App State alumnus provides RVs for MDs, gives a family comfort in South Carolina

Ansley Puckett, A&C Editor

MURRELLS INLET, S.C- Parked in the driveway of a South Carolina home sits an off-white Zinger Camper. On the back, a black and gold App State “A” covers an extra tire. The man living inside of the camper doesn’t own it, and he didn’t graduate from App State.

The camper belongs to David Small, a 2003 App State graduate, and his wife Stacey, who lent the camper to Robert Craven, a hospitalist in Murrells Inlet, South Carolina who is working with potential COVID-19 patients. 

Courtesy of Abby Craven
Robert Craven and his two daughters stand outside the RV donated to their family from App State alumnus David Small and his wife, Stacey.

After the COVID-19 outbreak reached South Carolina, Robert Craven and his wife, Abby, decided that to keep their 4-and 5-year-old daughters safe, Robert Craven would limit contact with them and stay in a hotel.

“The week that he was at work, he was coming into contact with patients who may or may not have had (COVID-19), they were still waiting on the test results back, so we thought it would be best that he stay in a hotel,” Abby Craven said.

Following South Carolina Gov. Henry McMaster’s “home or work” order, Abby Craven started to look for quarantine options for her husband. What she found was “RV’s for MD’s,” a Facebook page where RV and camper owners can offer their vehicles to health care workers who fear that staying in their own homes could put their families at risk. 

“What (RV’s for MD’s) do is, you fill out a form and you send it to them and tell them where you’re located, and what major cities you’re near and they try to match you,” Abby Craven said. 

After a few minutes searching the page, Abby Craven found Stacey Small’s post, which said she wanted to share her family’s camper with a health care worker.

“The RV’s for MD’s Facebook site is what really connected us together,” Abby Craven said. “I was just lucky enough that I reached out to her directly, but if I hadn’t found that page, I wouldn’t have known about it.”

For David Small and his wife Stacey, working with RV’s for MD’s just made sense.

“It was kind of a no-brainer for me, I mean our RV was just sitting there, so obviously, if anyone could use it, it would be a great thing,” Stacey Small said. “I just thought (RV’s for MD’s) was really great for so many people that needed it and needed to have this temporary housing so that they could keep their family safe.”

The couple is just one of many families donating their RVs to health care workers.

“There’s other people out there doing the same thing, it’s not like it was just us,” David Small said. “There’s so many other people helping and doing this, even potentially other App State folks.”

Following their connection, David and Stacey Small, drove down to set up the camper in the Cravens driveway. Accompanying them was App State alumnus, Clint Hughes, who wanted to help David and Stacey Small set up the vehicle for the Cravens.

Courtesy of Abby Craven
Abby Craven and her two daughters stand with David and Stacey Small, who donated their RV for her husband, a hospitalist, to stay in during the COVID-19 pandemic.

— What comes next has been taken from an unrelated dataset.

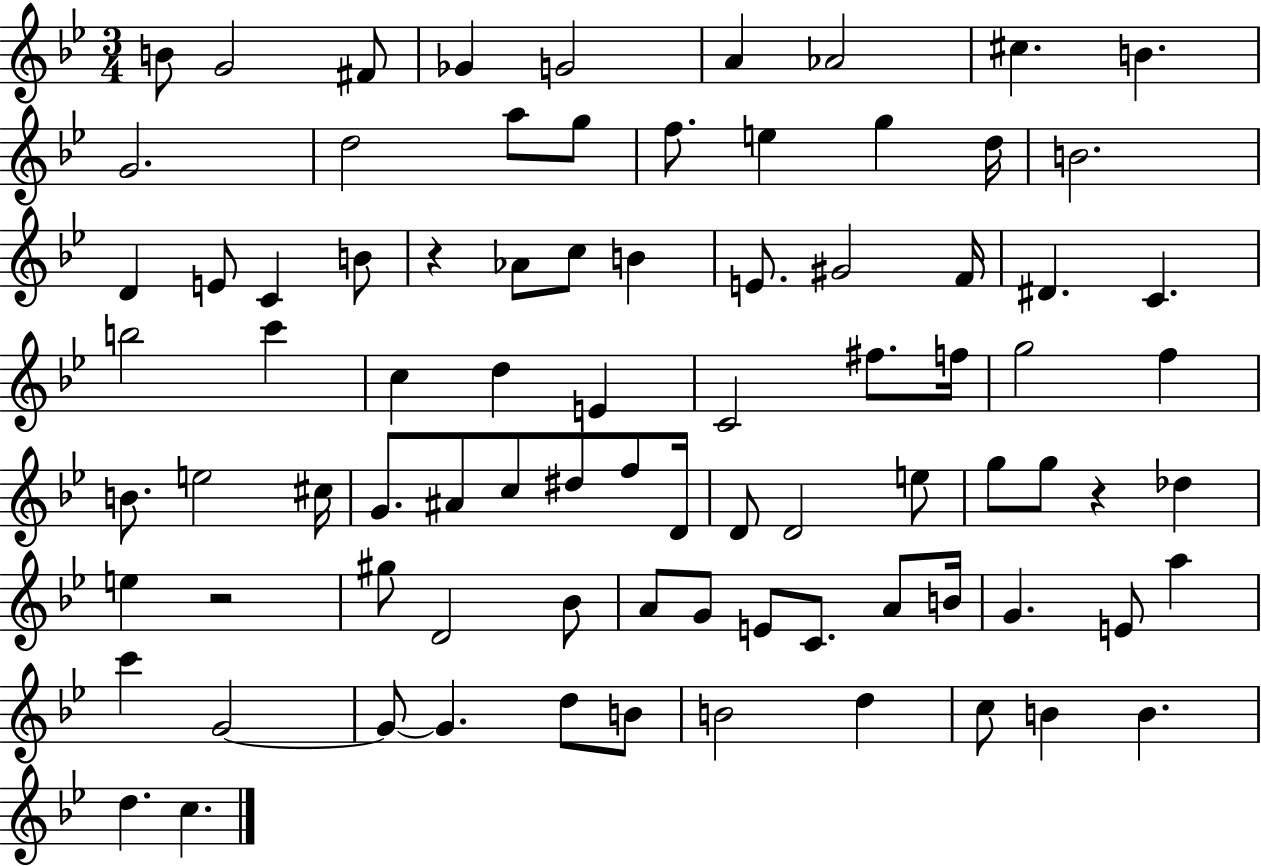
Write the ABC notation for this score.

“(Hughes) and I grew up together in Charlotte and have known each other since grade school, went to App State together and have continued to be friends,” David Small said. “When I said, ‘Hey man, we’re going to do this tomorrow,’” he said, “‘Oh, I’m coming to help’.”

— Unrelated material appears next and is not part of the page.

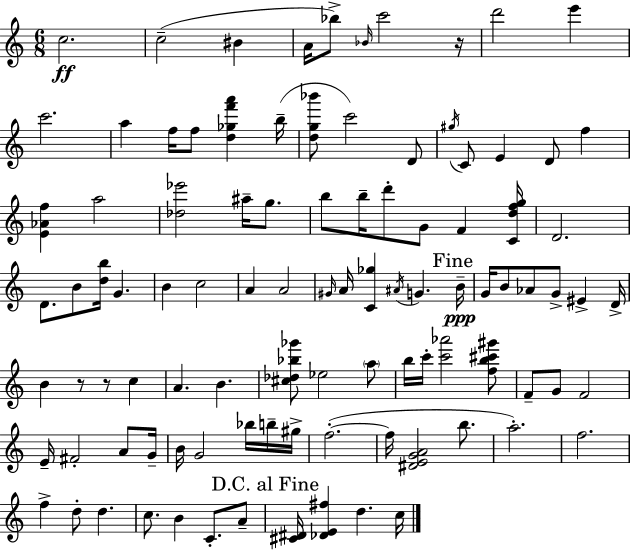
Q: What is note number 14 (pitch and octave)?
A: B5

Abby Craven said her daughters are much happier with their father closer to home.

“A week ago, every time Rob pulled away, they would cry for a good one or two hours and cry themselves to sleep at night,” Abby Craven said. “Now, you can tell there is new energy with them, and they’re just so much happier, and they think it is the coolest thing. They tell everyone when we go walking around the neighborhood, ‘My daddy lives in an RV,’ and we kind of have to explain why.”

Abby Craven said the Smalls’ generosity reminded her of people’s good nature.

“I know they don’t want a lot of recognition, but it’s just something to know that when people are hurting, and they’re suffering in the same situation, there are still good people out there,” Abby Craven said.

For the Smalls, the experience of giving was recognition enough.

“It’s a sense of we know we did something for someone, but we also got something from that experience,” David Small said. “As much as they feel blessed, we also feel blessed that we were able to do it.”

Stacey Small said she wants the experience to set an example for other people.

“The biggest thing is, I want other people to see this as ‘Hey, I can do something,’ no matter what it is, small, big, in any way shape or form, you can do something to help someone else,” Stacey Small said.

The Smalls’ generosity has touched Abby Craven and her family. 

“It’s a frustrating time, it’s a scary time, we don’t know what’s going to happen tomorrow, or even next week or when this is going to go away but just to know that people drop their lives and time with their families to drive down and help strangers, it’s just, I have no words,” Abby Craven said. “There’s no way I could ever repay them for the kindness they’ve given to us.”